After the task force’s first meeting in April, the group received critique from the Santa Barbara County grand jury.
The grand jury released a report titled “Youth Safety: Developing a New Strategy” stating that the task force doesn’t address youth violence at the county level, funding for the project, and the issue of a divided social class within the city.
While the task force’s website states the group “includes a technical resource committee made up of agencies that deal specifically with at-risk youth in the city of Santa Maria,” City Manager Rick Hayden said violence doesn’t have city limits.
“Our major concern is the city of Santa Maria itself, and after we address those issues, we then want to address those issues with our neighboring jurisdictions as well,” he said.
Hayden questioned the timing of the report, saying the investigation was conducted mere months after the task force was established.
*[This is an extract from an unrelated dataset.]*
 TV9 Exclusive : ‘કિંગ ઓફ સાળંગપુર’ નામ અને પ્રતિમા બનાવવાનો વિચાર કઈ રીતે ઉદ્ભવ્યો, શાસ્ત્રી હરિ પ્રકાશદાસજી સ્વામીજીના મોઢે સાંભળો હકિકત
He said he wouldn’t have an issue with the grand jury report if the review had been conducted at the end of the year when the task force had a product to present.
“To do a report in the very beginning stage of a process and to cast a shadow of doubt on the entire project, I think is really disingenuous,” he said.
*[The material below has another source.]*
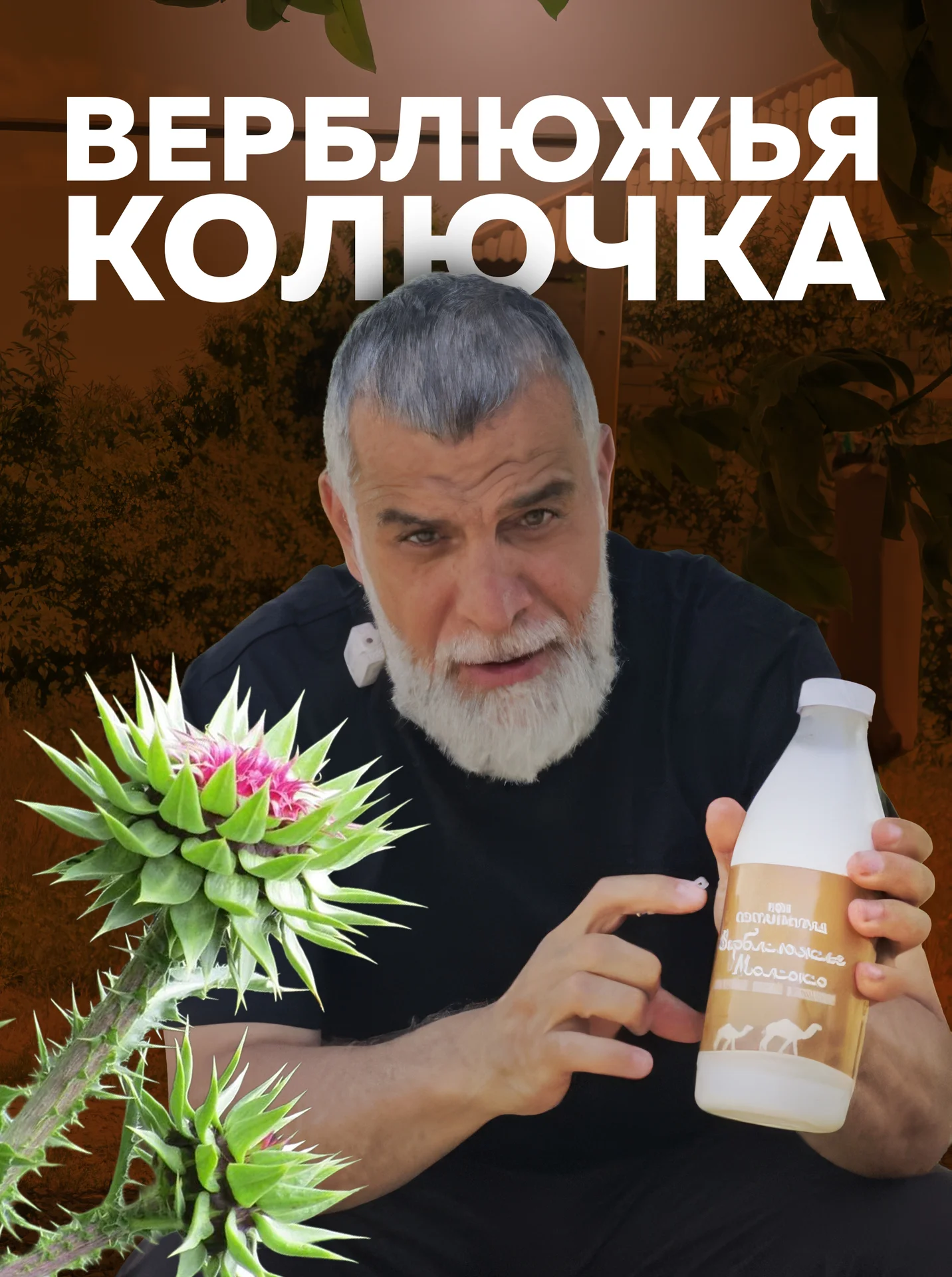 Верблюжье молоко свежее - миниатюра 6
The group has met a total of three times since April. During those meetings, a few issues have been settled, he said.
Santa Maria has set aside nearly a quarter of a million dollars within its budget in ongoing funding for the task force and the programs it will eventually create, Hayden said. This is just the start; he said that the task force will also look into grants and other sources of funding.
The group has hired an outreach coordinator, a police officer to work with gang enforcement, and a position in the city’s Recreation and Parks Department designed to create more programs for youth within the Santa Maria Valley.
At the county level, the Juvenile Justice Coordinating Council meets to discuss initiatives and strategies that target youth crime, delinquency, juvenile offenders, and at-risk youth.
Brian Swanson, Santa Barbara County’s probation manager, said the council comes from a state grant called the Juvenile Justice Crime Prevention Act, which funnels state money to the county to aid programs in prevention and services for at-risk youth.
At the last meeting on June 2, Swanson said the council got an update that showed a decrease in the number of juvenile felony arrests countywide—a total of 297 arrests in 2015. There was also a decline in juvenile petitions for felony offenses in 2015, but the number of juvenile violent offenses increased; petitions for misdemeanor violent offenses increased by 58 percent.
“Looking at the data, you’re seeing trends that have occurred over the course of five to six years. There was a decrease for a couple of years, and now we’re seeing a slight increase,” Swanson said. “It’s a change in direction that is being observed and talked about.”
In 2015, the juvenile violent crime rate increased by 43 percent. The next step, Swanson said, is to address the issue, but every community in the county is different, with varied services or programs that are available and missing.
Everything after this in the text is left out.